Favorite Disney characters celebrate with diners at “Aunty’s Breakfast Celebration at the Makahiki” everyday.
The casual dinner buffet features line-caught sustainable seafood, fresh salads with local greens, rotating carving stations, Asian-inspired entrees and house-made desserts. A melting pot of cultures, the expansive buffet features starters from a lomilomi salmon to cheeses, lobster bisque and cioppino. On ice, shrimp, marinated squid, scallops, mussels, lobster and tiger prawns showcase the abundance of seafood. Entrees might include sustainable catch, seafood paella, grille poke, roast duck with plum sauce and chicken wrapped in seaweed. For Asian flavors, there’s sushi and sashimi, Chinese pork buns, fried noodles, dim sum and wok-fried seasonal vegetables. The grill heats up with chicken wings, pork chops, Asian-spiced lamb chops, sausages and assorted satay, while live-action stations feature pastas with vegetables, meatballs, clam stew, Portuguese sausage, and carved meats or fish.
“Keiki Corner” for youngsters may include macaroni pasta, baked chicken tenders, potato tots and streamed vegetables.
And there are plenty of sweets, such as chocolate brownies, no-sugar-added mango cheesecake, guava mouse cakes, pineapple cobbler, molten chocolate cake and banana coconut bread pudding.
The interior of Makahiki, showcases beautiful works by local artists, from paintings to glass art. In the entry, artists Butch Helemano and James Rumford collaborated to convey the story of the Makahiki season of peace, play and renewal (the Makahiki season is the traditional Hawaiian celebration of the harvest). Rumford sketched the designs and wrote texts for Helemano’s wood carvings that illustrate the sights and events of the Makahiki season. Also in the restaurant, artists Al Lagunero and Solomon Enos collaborated on a mural that depicts feasting and gaming. As day turns to night, the restaurant lighting gradually turns from rose to indigo with the setting of the sun.
Off the Hook
Next door to ‘AMAʻAMA near the ocean is Off the Hook, inspired by a fisherman’s seaside shack, decorated with makau, or fish hooks, cowry-shell lures, shark-tooth knives and specially carved fish-shaped stones.
Open daily from 11 a.m. for tropical drinks and small bites, Off the Hook favorites include the beef paniolo burger, with pepperjack cheese, crispy onion tanglers and chipotle BBQ sauce, and the kalbi tacos, with sliced short ribs or chicken and kim chee aioli.

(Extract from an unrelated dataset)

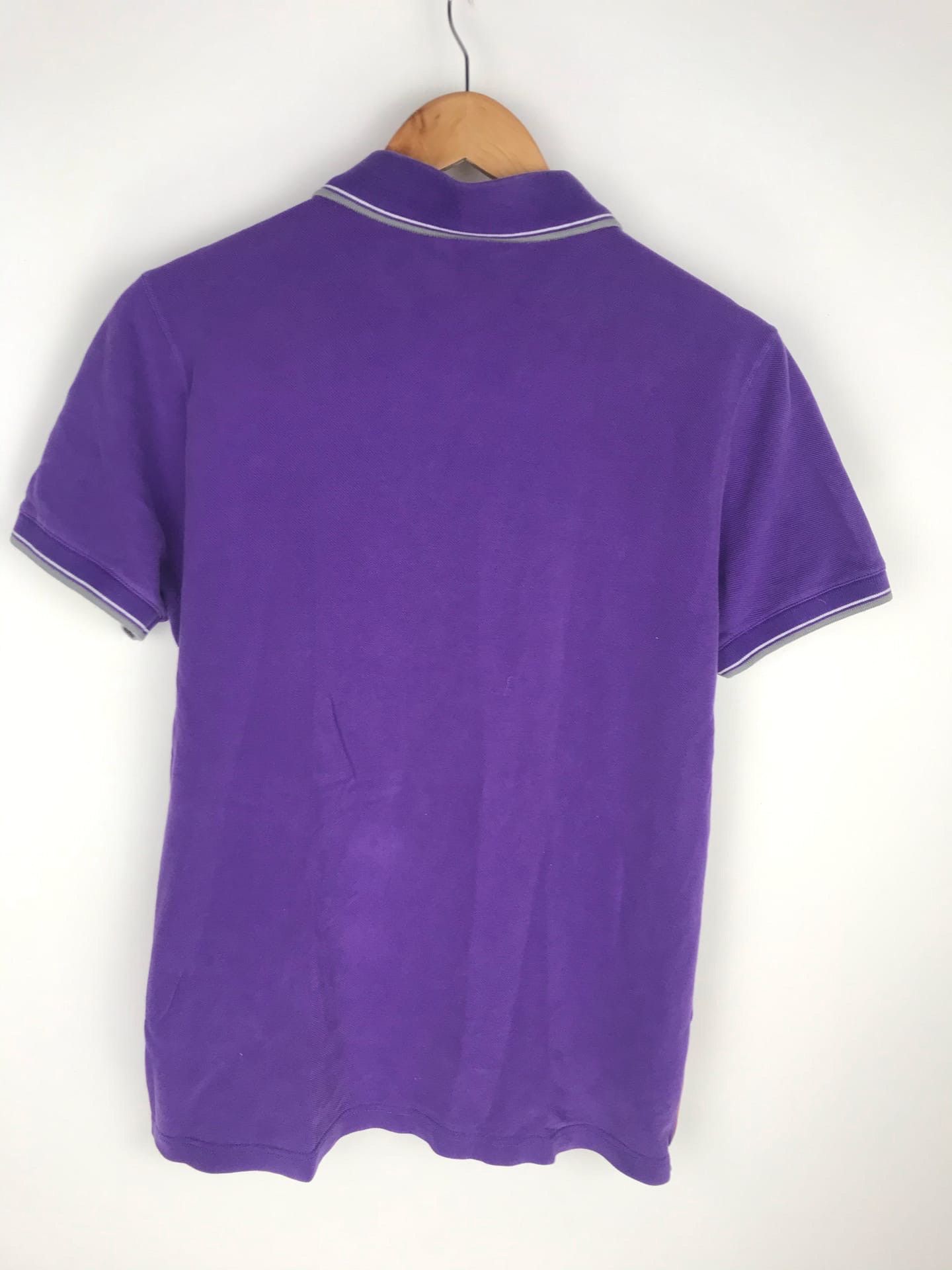 Prada Prada Polo Shirt Size US L / EU 52-54 / 3 - 5 Thumbnail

A colorful school of fish swims above the bar, which serves creative cocktails including a Wild Hibiscus Royale Sparkling wine cocktail, Island Red Sangria, a Pineapple Papaya Cosmo and Big Island Iced Tea. Non-alcoholic drinks range from a passion colada to a pineapple ginger splash. There’s beer on draft – Big Wave Golden Ale, Fire Rock Pale Ale, Longboard Island Lager, or the seasonal Aloha Series. And every day there’s an ‘ike mua, or “discovery drink of the day.”
Lava Shack, across from the Rainbow Reef snorkel lagoon, stocks pool snacks and beverages. Pāpālua Shave Ice is on the pool deck and serves up fruity and refreshing shave ice. Ulu Cafe is a poolside venue serving breakfast, lunch and dinner features an outdoor patio with a beautiful ocean view. Little ‘Opihi’s is a beachside, quick-service eatery offering convenient grab-and-go selections of salads, wraps and fresh fruit.. Mama’s Snack Stop serves up poolside snacks like hot dogs, chicken tenders, and more.
Overview: Whether you are looking to cool off indoors with a mai tai or enjoy a glass of wine at sunset, Aulani has several options to soak in the sights, sounds and flavors of Hawai‘i.
The ‘Ōlelo Room
Appropriately named, ‘Ōlelo (pronounced oh-leh-low) is the Hawaiian word for “word, language or to converse,” making it the ideal place to enjoy becoming more conversant in Hawaiian. In The ‘Ōlelo Room lounge, most everything is labeled with Hawaiian terms. And if guests need a little help, the bartenders all speak Hawaiian. The pub-like spot offers cocktails and small plates.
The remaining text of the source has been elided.